Più allarme che ottimismo, è il messaggio che arriva dai vertici della Banca centrale europea. Ieri il vicepresidente Luis de Guindos, presentando il Rapporto di stabilità finanziaria di Francoforte, ha parlato di un rischio «incidente nelle valutazioni» nelle Borse e nei mercati obbligazionari. Una minaccia di slavina che de Guindos collega ai valori elevati ai quali si aggiungono ipotesi fin troppo ottimistiche sulle prospettive economiche. Non va meglio sul mercato del debito, dove i premi per il rischio sono - a dire della Bce - troppo compressi. Ingredienti che solitamente sono terreno fertile prima delle grandi correzioni.
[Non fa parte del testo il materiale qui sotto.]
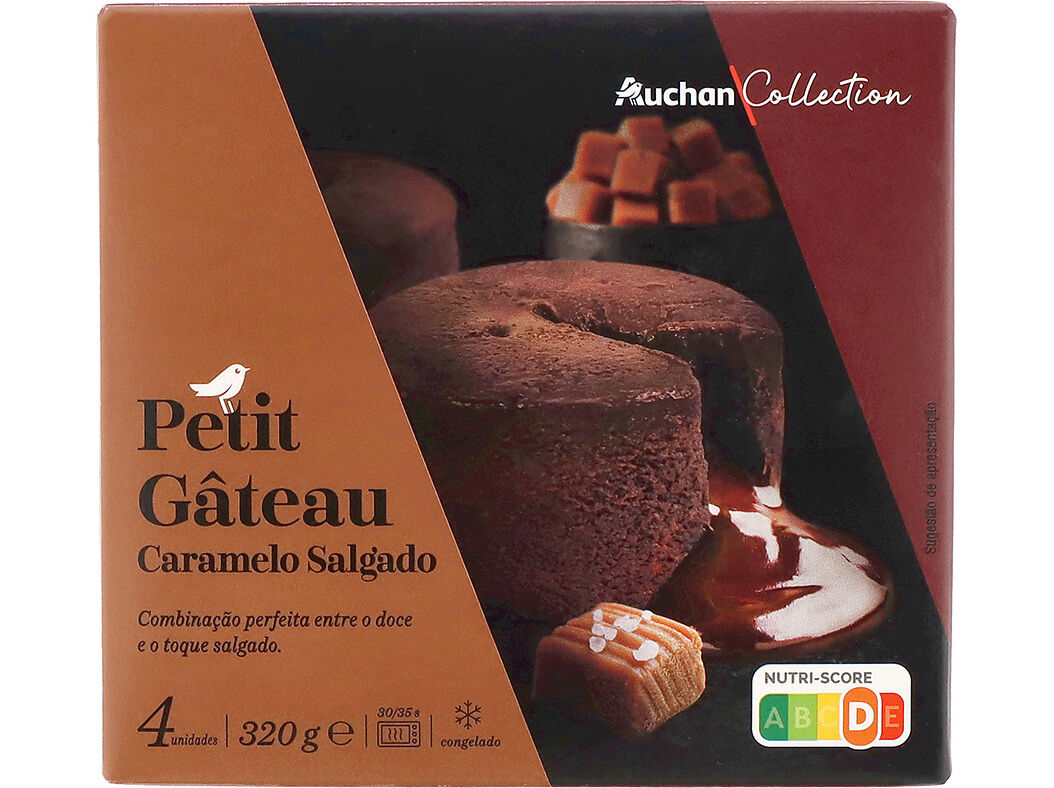PETIT G&Acirc;TEAU AUCHAN COLLECTION CARAMELO SALGADO 4UN 320G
Anche se il vice presidente della banca centrale precisa che la situazione attuale è «non confrontabile con lo scoppio della bolla dot come del 2000», dato che «i fondamentali sono diversi». Tuttavia, il Nasdaq - il listino dei titoli tecnologici americani - corre ormai ininterrottamente dal 2023 e questo è di per sé motivo di qualche apprensione da parte degli analisti della banca centrale.
L'elefante nella stanza è l'eccesso di euforia dei titoli collegati all'intelligenza artificiale: da Nvidia a Google, da Meta a Microsoft. Passando per Apple e Amazon. Quest'ultimi hanno una valutazione elevata, non a caso il numero uno di Alphabet e Google, Sundar Pichai, di recente ha spaventato i mercati di mezzo mondo affermando che se la bolla dell'intelligenza artificiale scoppiasse nessuna azienda sarebbe immune. Una considerazione alla quale si aggiunge, seppur in modo più velato, il vice presidente de Guindos: c'è «un'elevata concentrazione» con migliaia di miliardi di dollari di capitalizzazione guadagnati da poche, grandi società tecnologiche. «Una correzione dei valori delle magnifiche sette (tra le quali c'è anche Tesla, ndr) avrebbe un impatto sui portafogli istituzionali, mentre le istituzioni finanziarie non bancarie potrebbero amplificare questo incidente con conseguenze per l'intero sistema finanziario», ha sottolineato de Guindos.
Se Sparta piange, Atene non ride. Di conseguenza, un pesante rovescio sui titoli azionari ben difficilmente lascerebbe immune il mercato obbligazionario europeo. Nell'area euro, «i fondamentali di bilancio di alcuni Paesi presentano una persistente debolezza» e «uno scostamento di bilancio potrebbe mettere alla prova la fiducia degli investitori, specialmente nei Paesi con maggioranze politiche fragili». In questo caso, de Guindos non fa il nome, ma è chiaro a tutti che si riferisce in particolar modo alla Francia, dove il primo ministro Sebastien Lecornu guida un governo fragile e ostaggio di forze in parlamento che non sembrano disponibili a utilizzare troppo la cesoia per raddrizzare i conti pubblici. Se il rendimento del decennale francese, che ormai rende di più del Btp italiano di pari durata, dovesse essere colpito da una crisi speculativa gli effetti si sentirebbero in tutta Europa, con il rischio di costringere la Bce a entrare in campo: peraltro con strumenti spuntati, visto che Parigi è tuttora in procedura per deficit eccessivo. Stavolta, a quanto sembra, forse non sarebbe replicabile il whathever it takes di Mario Draghi. Una caduta dei titoli di Stato «sarebbe più difficile da assorbire»: i Paesi europei hanno venduto più debito a investitori privati, spesso fondi esteri, molto più sensibili alle variazioni di prezzo dei bond.
Non a caso, quindi, è arrivato l'avvertimento di de Guindos il quale ha spiegato tuttavia che «finora i mercati hanno accolto senza problemi livelli elevati di emissioni». Non è detto, però, che questo possa continuare a persistere in futuro, in un contesto reso più incerto dai dazi di Donald Trump.